CharBuffer buffer2 = CharBuffer.wrap(text);

Here, the buffer contains a reference to the array, which serves as its backing array. Buffers created by wrapping are never direct. Again, changes to the array are reflected in the buffer and vice versa, so don’t wrap the array until you’re finished with it.

Filling and Draining

Buffers are designed for sequential access. Recall that each buffer has a curent position identified by the position() method that is somewhere between zero and the number of elements in the buffer, inclusive. The buffer’s position is incremented by one when an element is read from or written to the buffer. For example, suppose you allocate a CharBuffer with capacity 12, and fill it by putting five characters into it:

CharBuffer buffer = CharBuffer.allocate(12);
buffer.put('H');
buffer.put('e');
buffer.put('l');
buffer.put('l');
buffer.put('o');

The position of the buffer is now 5. This is called filling the buffer.

You can only fill the buffer up to its capacity. If you tried to fill it past its initially set capacity, the put() method would throw a BufferOverflowException.

If you now tried to get() from the buffer, you’d get the null character (\u0000) that Java initializes char buffers with that’s found at position 5. Before you can read the data you wrote in out again, you need to flip the buffer:

buffer.flip();

This sets the limit to the position (5 in this example) and resets the position to 0, the start of the buffer. Now you can drain it into a new string:

String result = "";
while (buffer.hasRemaining()) {
  result += buffer.get();
}

Each call to get() moves the position forward one. When the position reaches the limit, hasRemaining() returns false. This is called draining the buffer.

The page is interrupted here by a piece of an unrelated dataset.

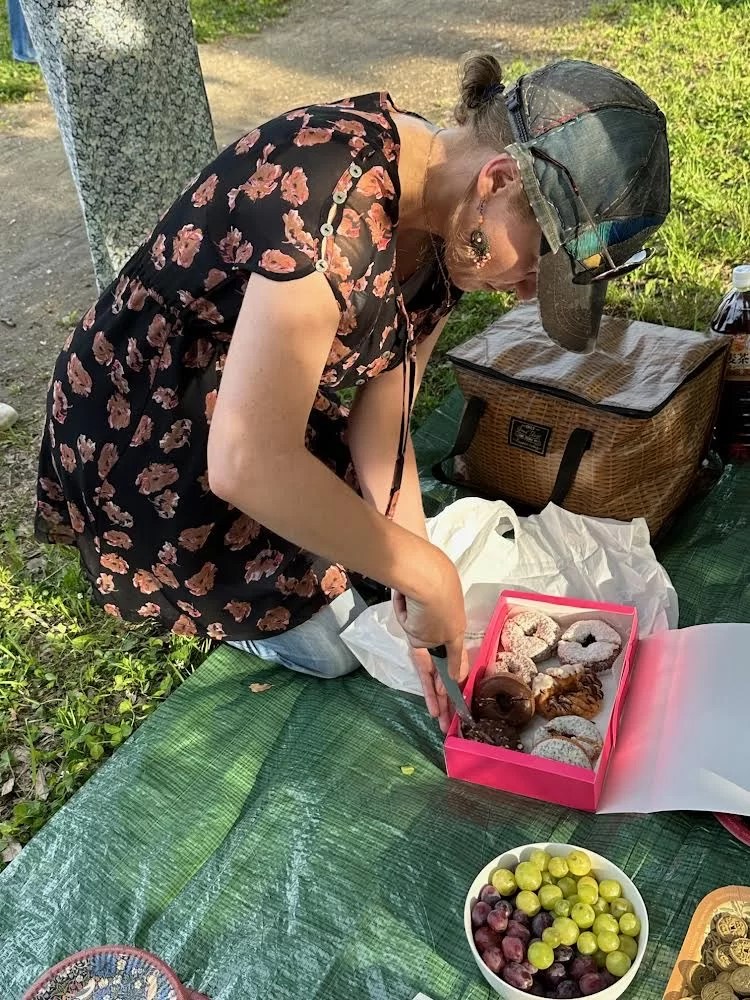 Felicity cutting donuts (photo by Jann Williams)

Buffer classes also have absolute methods that fill and drain at specific positions within the buffer without updating the position. For example, ByteBuffer has these two:

public abstract byte       get(int index)
public abstract ByteBuffer put(int index, byte b)

These both throw an IndexOutOfBoundsException if you try to access a position at or past the limit of the buffer. For example, using absolute methods, you can put the same text into a buffer like this:

CharBuffer buffer = CharBuffer.allocate(12);
buffer.put(0, 'H');
buffer.put(1, 'e');
buffer.put(2, 'l');
buffer.put(3, 'l');
buffer.put(4, 'o');

However, you no longer need to flip before reading it out, because the absolute methods don’t change the position. Furthermore, order no longer matters. This produces the same end result:

CharBuffer buffer = CharBuffer.allocate(12);
buffer.put(1, 'e');
buffer.put(4, 'o');
buffer.put(0, 'H');
buffer.put(3, 'l');
buffer.put(2, 'l');

Bulk Methods

Even with buffers, it’s often faster to work with blocks of data rather than filling and draining one element at a time. The different buffer classes have bulk methods that fill and drain an array of their element type.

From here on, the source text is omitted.